Impact evaluations are powerful tools for developing a knowledge base on a programme about what works, what does not, and the reasons why. The case for incorporating more ‘rigorous impact evaluations’ into development programming and public policy processes have been eloquently documented elsewhere and supported by many development programmes, non-governmental organisations, and government agencies. However, despite considerable attention and progress made towards strengthening evaluation theory and practice over the past several years, many practical, real-world evaluation challenges remain pervasive.

Three categories of challenges are most prevalent with policy and programme evaluations: design, data collection, and data analysis. This essay discusses two of the most common design challenges: failure to establish a set of baseline data and a lack of a control group.
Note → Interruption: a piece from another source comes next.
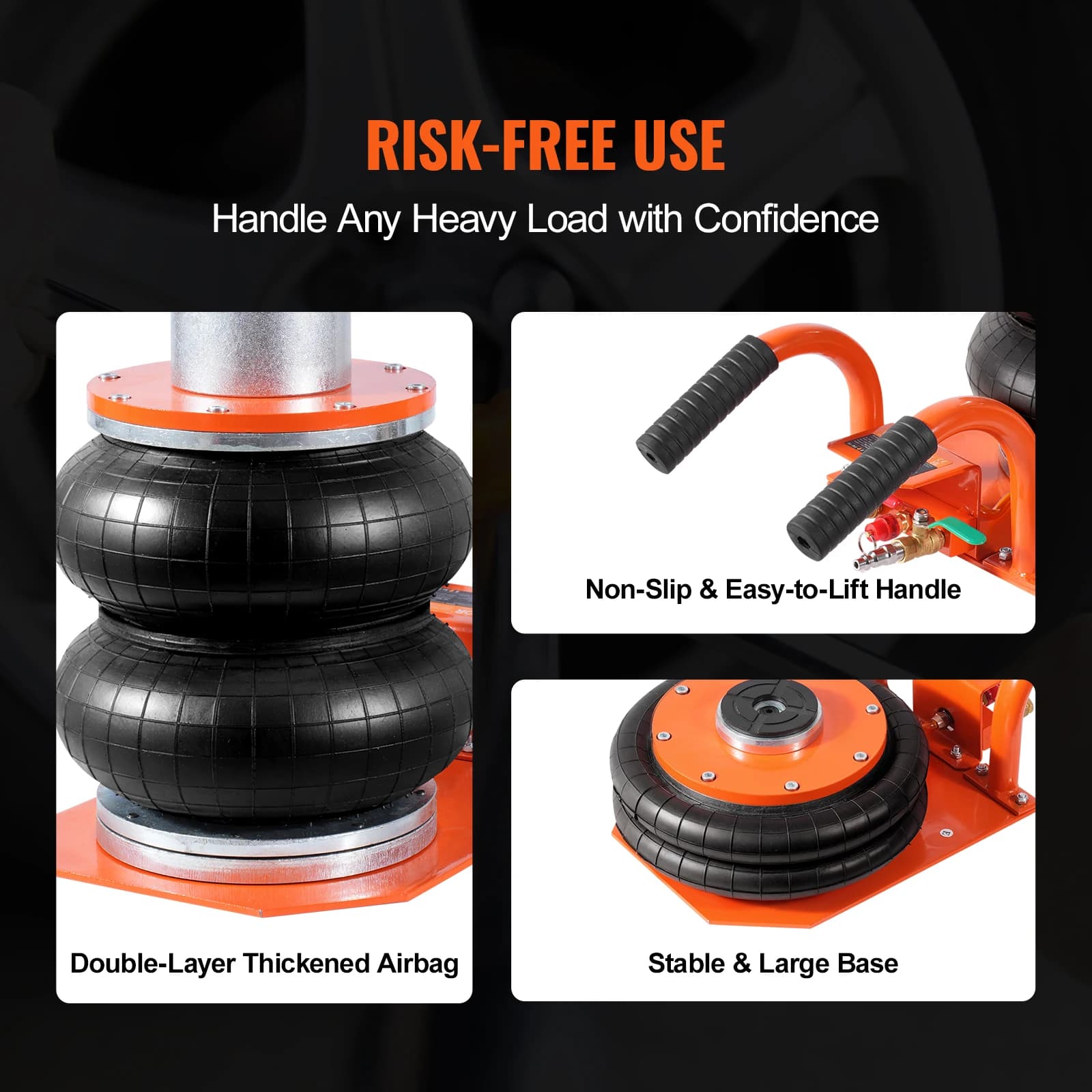 3-Ton Air Jack | 6-Column Heavy-Duty Lift for Sedans, SUVs & Trucks | Thick Rubber Pad - Thumbnail 6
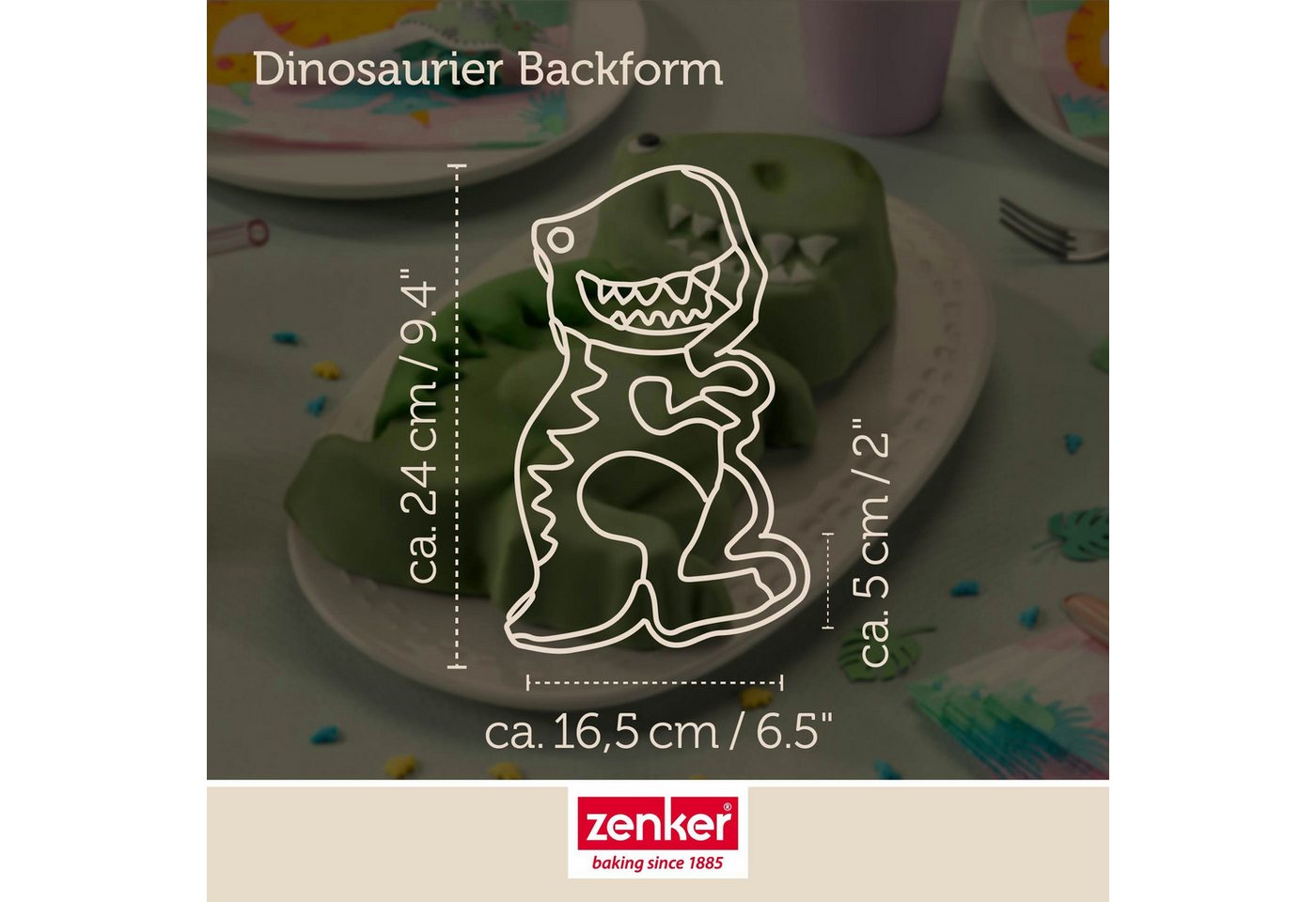 Zenker Backform Silikon Dinosaurier, Kuchenform, Motivbackform, Kinderparty – Bild 4 von 5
The purpose of this essay is to synthesise existing knowledge about evaluation design challenges in a real-world scenario where critical data are most commonly not available or are of low quality. This essay incorporates practical experience conducting evaluations in Nigeria. It outlines strategies and approaches utilised to navigate the critical challenges resulting from data gaps during evaluations.

The rest of the document provides answers to the challenge. The essay presents a brief description of the problem. It offers specific propositions for reconstructing baseline data and control groups when the project or programme did not establish those requirements at the start of the project. The essay discusses the rationale and implementation strategies for the proposed solutions.

Context of the Problem

What is “Impact”? While there is consensus on the importance of impact evaluation within the development community, there has been a widespread debate amongst evaluation practitioners and in academic circles on the definition of impact evaluation. Many programme-implementing agencies assume that impact can be measured by merely comparing baseline measures with post-project measures for the target population. Typically, there is no evaluation of the outcomes against a comparison group. There is an erroneous assumption that the observed changes result from the project intervention.

This essay adopts the definitions proposed by the International Initiative for Impact Evaluation. Evaluation is the “analysis that measures the net change in outcomes for a particular group of people that can be attributed to a specific programme using the best methodology available, feasible and appropriate to the evaluation question that is being investigated and to the specific context.” In this context, “impact” is referred to as “net project impact” and means the “total observed change” minus “change attributed to other factors not related to the project”.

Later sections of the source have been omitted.